L.H.S = cot A + cot (60 + A) –  cot (60 – A)

$$\implies$$ L.H.S = $$1\over tan A$$ + $$1\over tan (60 + A)$$ – $$1\over tan (60 – A)$$

$$\implies$$ L.H.S = $$1\over tan A$$+ $$1 – \sqrt{3} tan A\over \sqrt{3} + tan A$$ – $$1 + \sqrt{3} tan A\over \sqrt{3} – tan A$$

[ By using this formula, tan (A + B) = $$tan A + tan B\over 1 – tan A tan B$$  above ]

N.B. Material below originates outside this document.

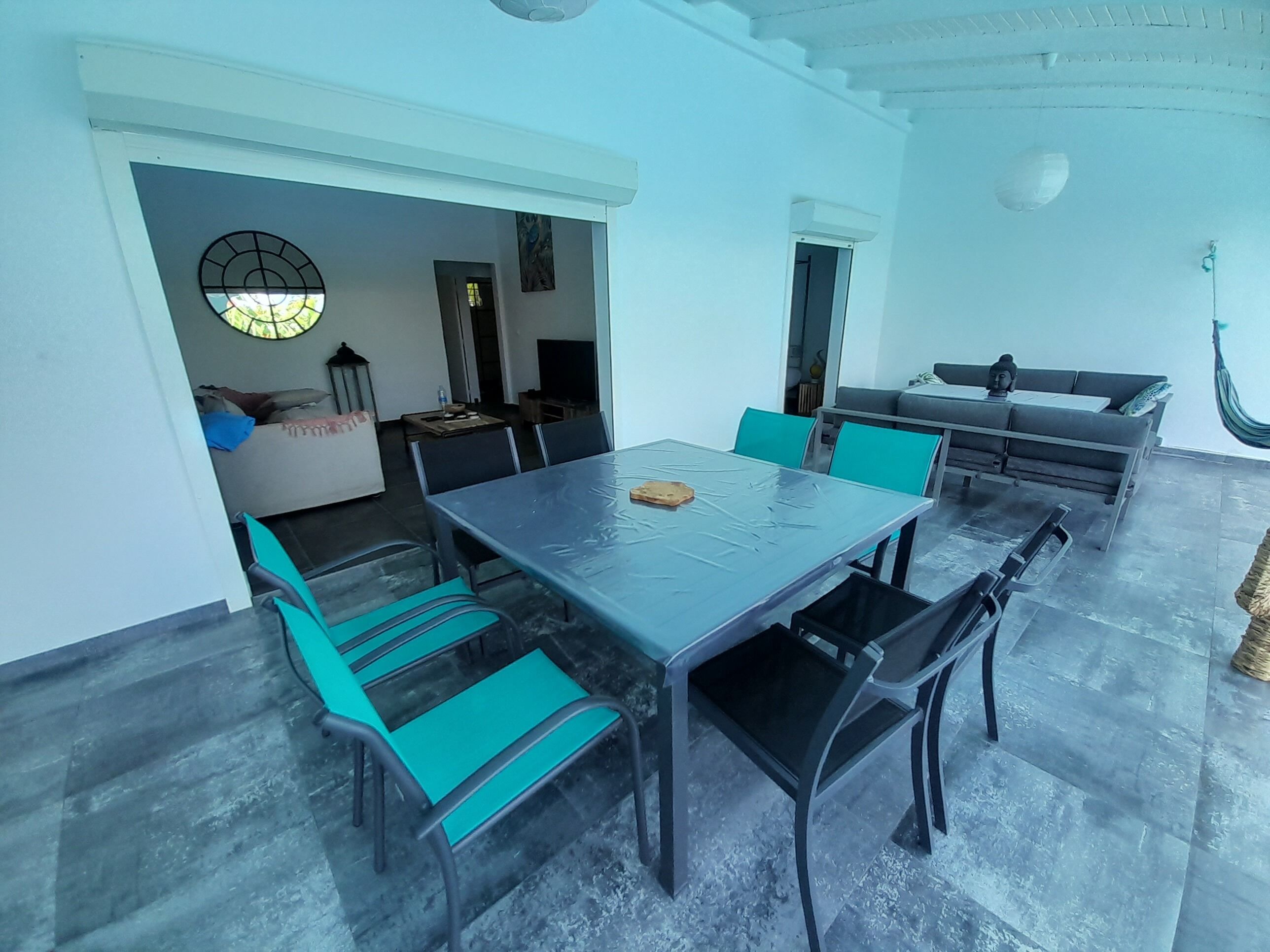 A spacious room with a large dining table surrounded by chairs, a sofa, and a hammock.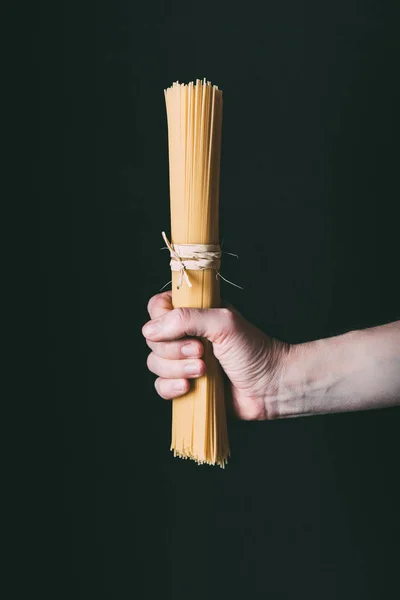 Cropped image of holding spaghetti wrapped by ribbon isolated on black background — Stock Photo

$$\implies$$ L.H.S = $$1\over tan A$$ – $$8 tan A\over 3 – tan^2 A$$

$$\implies$$ L.H.S = $$3 – 9 tan^2 A\over 3 tan A – tan^3 A$$

L.H.S = 3($$1 – 3 tan^2 A\over 3 tan A – tan^3 A$$)

Since $$3 tan A – tan^3 A\over 1 – 3 tan^2 A$$ = tan 3A

$$\implies$$ L.H.S = $$3\over tan 3A$$ = 3 cot 3A = R.H.S